Seyyid Kutub’un hayatının erken dönemlerinde seküler, laik bir döneminden bahsedilir?

Seyyid Kutub’un birçok gazete ve dergide fikrî, edebî ve kültürel onlarca makale ve şiirleri yayınlandı. Bunlardan bazıları “El-Ahram, Er-Risale, Es-Sekafe” gazeteleridir. “El-Âlemu’l-Arabî” dergisini çıkarmış, ayrıca Müslüman Kardeşler Teşkilatı’nın çıkardığı “El-Fikru’l- Cedîd” dergisinin editörlüğünü yapmıştır. Bu dergide, İslâmi sosyal ve ekonomik düşüncenin nasıl hukuki hale getirileceğini yazmıştır. Aynı şekilde milli ve sosyal progresif makaleleri, devrimci değişim ve sosyal reform hareketleri gazetelerinde yayınlanmıştır.

***

Taha Hüseyin’in ”Mustakbelu’s-Sekafeti fi Mısır” (Mısır Kültürünün Geleceği) kitabını “Nakdu Kitabun Mustakbelu El-Sekafeti fi Mısır” (Mısır Kültürünün Geleceği Kitap Eleştirisi) başlığıyla eleştirmesi, Seyyid Kutub’un İslâm medeniyetini benimsemesine ışık tutan ilk çalışmalarındandır. 1939’da “Sahifeti Dar’ul Ulum” gazetesinde yayınlanmıştır. Seyyid Kutub, bu çalışmada İslâm’ı Hıristiyanlıktan ve İslâm medeniyetini Batı medeniyetinden ayırmasıyla da dehasını göstermiştir. Mısır zihniyetinin Yunan zihniyeti olduğunu, İncil’in Avrupa’da Yunan karakterini değiştirmediği gibi Kur’ân ve İslâm’ın da Mısır’da Yunan karakterini değiştirmediği iddiasını reddetmiştir. Mısır zihniyetinin, Yunan felsefesini kabul ettiği gibi modern Avrupa medeniyetini de kabul etmesi gerektiğini de red etmiştir.

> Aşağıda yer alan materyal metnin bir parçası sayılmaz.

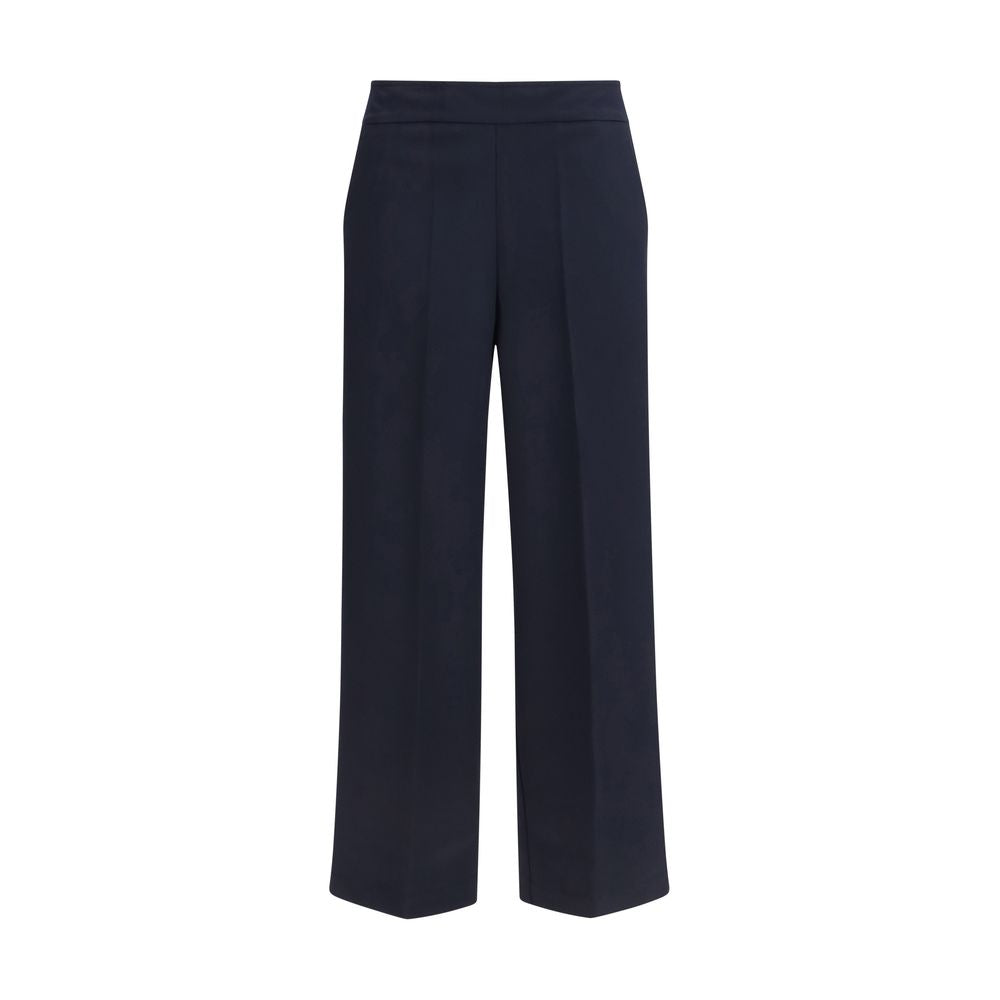 Blue Polyester Casual Pants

Seyyid Kutub bu iddiaları reddetmiş ve şöyle demiştir: Yunan felsefesi -eskiden- İskenderiye sınırını çok fazla aşamamış, firavunluğunu muhafaza eden başkent “Minef’e de ulaşamamıştır. Daha sonra Mısır’a İslâm gelmiş ve ona sıkı sıkı sarılmıştır. Devamında birçok ülkenin İslâm’dan etkilendiği gibi Mısır da çok etkilenmiştir.

Ayrıca, İncil ve Kur’ân arasında temel farklar vardır. Kur’ân’da ilahiyatla birlikte dinin sistemi, kanunları, sınırları, sosyal, iktisadi ve siyasi konular varken; İncil, tüm bu mevzulardan yoksundur.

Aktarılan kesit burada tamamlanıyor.